An open competition involving thousands of competitors failed to construct useful search filters for new diagnostic test accuracy systematic reviews

Article type
Authors
Kataoka Y1, Taito S2, Yamamoto N3, So R4, Tsutsumi Y5, Anan K6, Banno M7, Tsujimoto Y8, Wada Y9, Sagami S10, Tsujimoto H11, Nihashi T12, Takeuchi M13, Terasawa T14, Iguchi M15, Kumasawa J16, Kasuga Y17, 999 R17, Yamabe J17, Furukawa TA18
1Kyoto Min-iren Asukai Hospital
2Division of Rehabilitation, Department of Clinical Practice and Support, Hiroshima University Hospital
3Department of Orthopedic Surgery, Miyamoto Orthopedic Hospital
4Department of Psychiatry, Okayama Psychiatric Medical Center
5Department of Emergency Medicine, National Hospital Organization Mito Medical Center
6Division of Respiratory Medicine, Saiseikai Kumamoto Hospital
7Department of Psychiatry, Seichiryo Hospital
8Oku medical clinic
9Department of Rehabilitation Medicine I, Fujita Health University School of Medicine
10Center for Advanced IBD Research and Treatment, Kitasato University Kitasato Institute Hospital
11Hospital Care Research Unit, Hyogo Prefectural Amagasaki General Medical Center
12Department of Radiology, National Center for Geriatrics and Gerontology
13Department of Emergency and General Internal Medicine, Fujita Health University School of Medicine
14Section of General Internal Medicine, Department of Emergency and General Internal Medicine, Fujita Health University School of Medicine
15Department of Neurology, Fukushima Medical University
16Department of Critical Care Medicine, Sakai City Medical Center
17Independent researcher
18Department of Health Promotion and Human Behavior, Kyoto University Graduate School of Medicine/School of Public Health
Abstract
Background:
No abstract classifier can be used for new diagnostic test accuracy (DTA) systematic reviews to select primary DTA study abstracts from database searches.

Objectives:
Our goal with the FILtering of diagnostic Test accuracy studies (FILTER) Challenge was to develop machine learning (ML) filters for new diagnostic test accuracy (DTA) systematic reviews through an open competition.

Methods:
We conducted an open competition. We prepared a dataset including titles, abstracts, and the judgement sought to retrieve full texts from 10 DTA reviews and a mapping review. We randomly split the datasets into a train set (n = 27145, labeled as DTA n= 632), a public test set (n = 20417, labeled as DTA n= 474), and a private test set (n = 20417, labeled as DTA n= 469). Competition participants used the training set to develop models, then they validated their models using the public test set to refine their development process.
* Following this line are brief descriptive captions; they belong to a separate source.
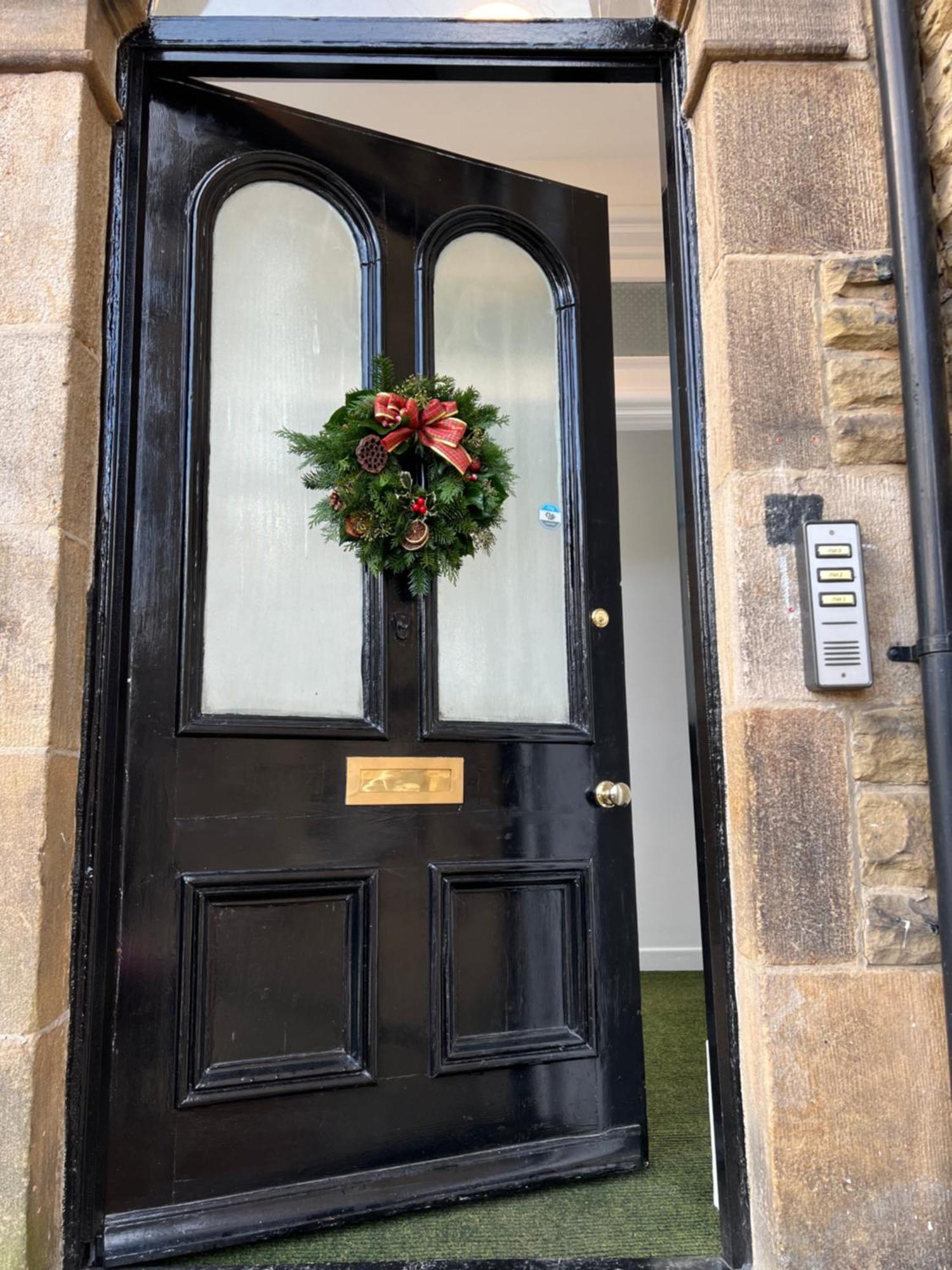 2 Bed Ground Floor Apartment, Sleeps 4 With Free Parking Harrogate Exteriér fotografie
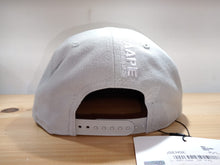 Cargar imagen en el visor de la galería, APE GRIS SNAPBACK BAPE
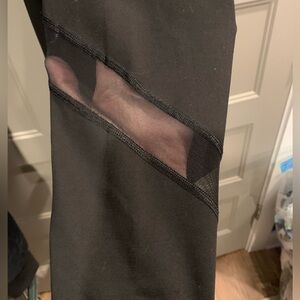 Old Navy Cut Out Leggings Size L TALL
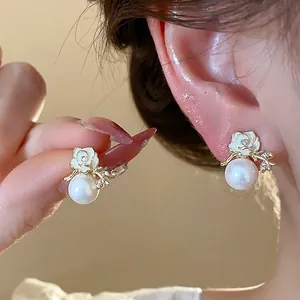 Eleganti orecchini a lobo con fiori e perle placcati in oro 18k con zirconi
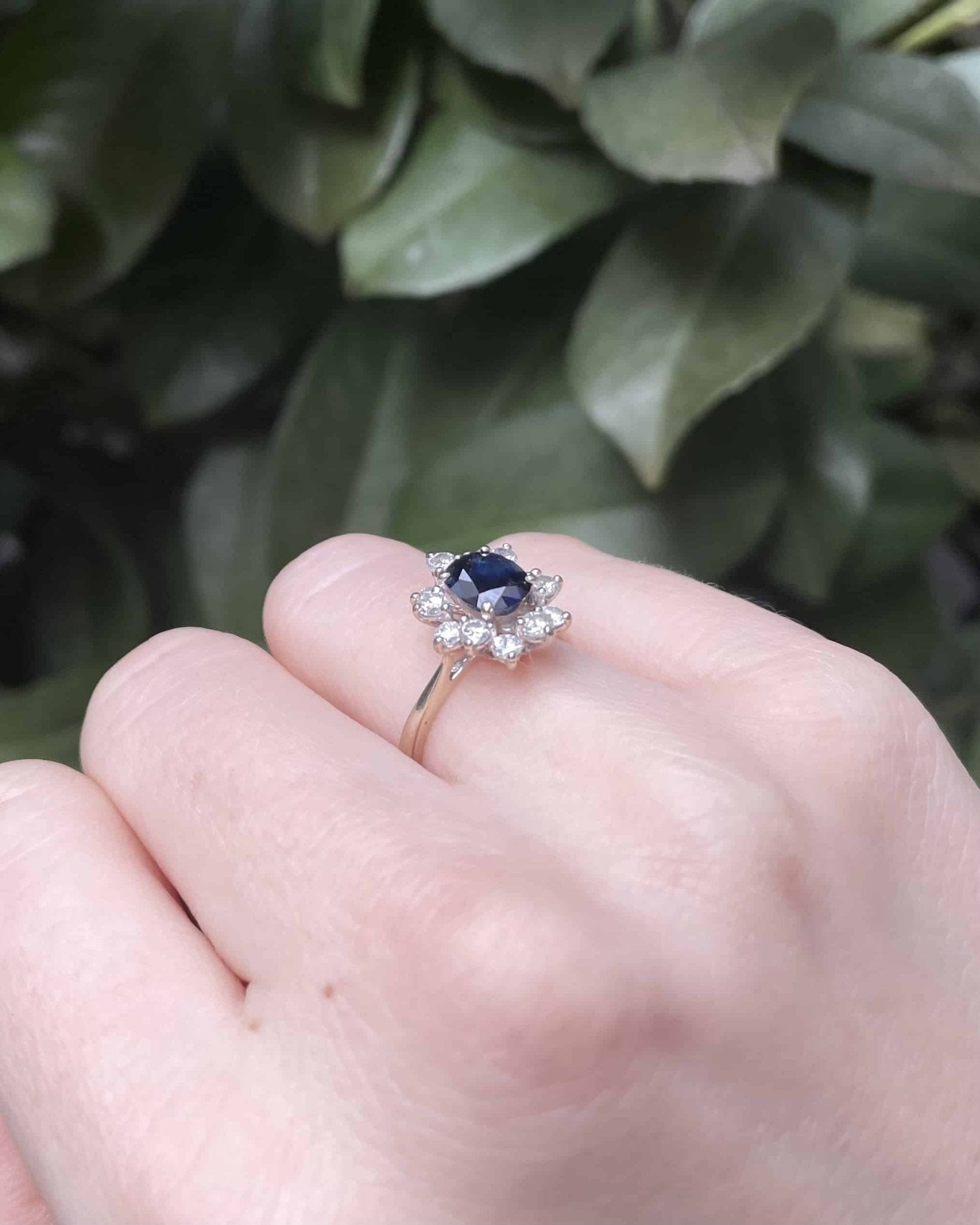 Bague Marguerite Saphir 1.20 Carat & Diamants "Solene" - Elliade Paris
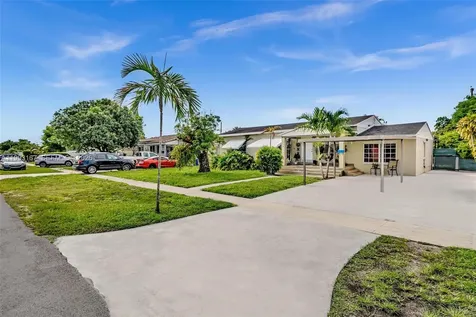 340 W 55th Street Hialeah FL 33012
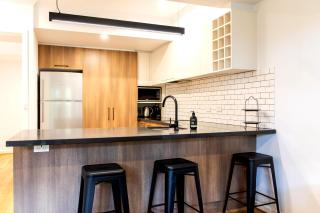 Luxury spacious 2 Bedroom Fitzroy Apartment - 2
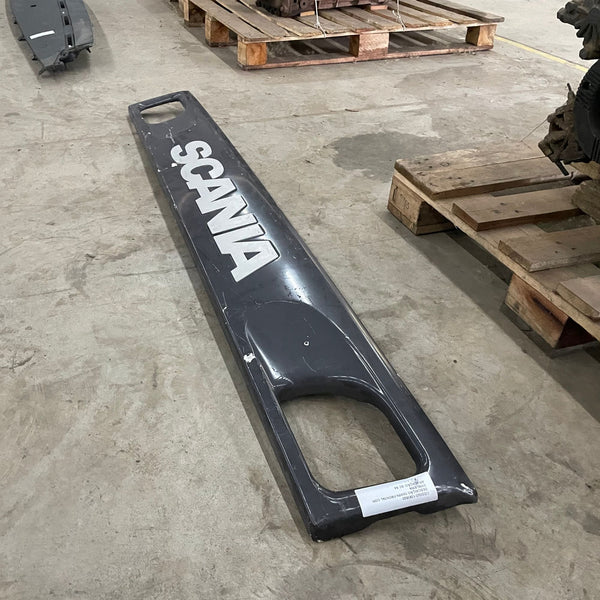 Grade Frontal com Emblema Scania Série 5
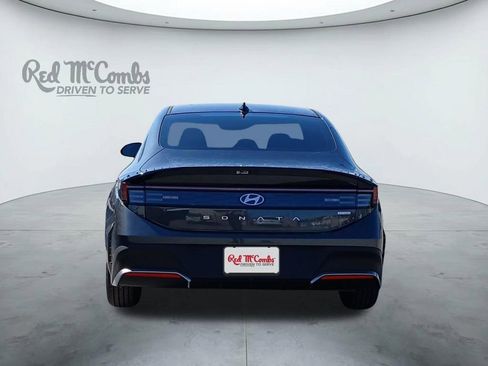 New 2026 Hyundai Sonata Blue FWD image 4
Finally, we used the private test set to rank the submitted models. We used Fbeta with beta set to seven to honor models. For the external validation, we used a DTA review for the cardiology dataset (n = 7722, labeled as DTA n= 167). We preset Fbeta adopted seven as the value of beta and recall to evaluate models for evaluating better filters that are less likely to miss.

Results:
From July 28 to October 4, 2021, we held the challenge. We received a total of 13,774 submissions from 1,429 teams or persons. We honored the top three models. Fbeta scores and Recall in the external validation set were 0.4036 and 0.2352 by the first model, 0.3262 and 0.3313 by the second model, and 0.3891 and 0.3976 by the third model, respectively.

Conclusions:
We were unable to develop a search filter with sufficient recall to apply for new DTA reviews immediately. Further studies are needed to update and validate filters with datasets from other clinical areas.

Patient, public, and/or healthcare consumer involvement: None.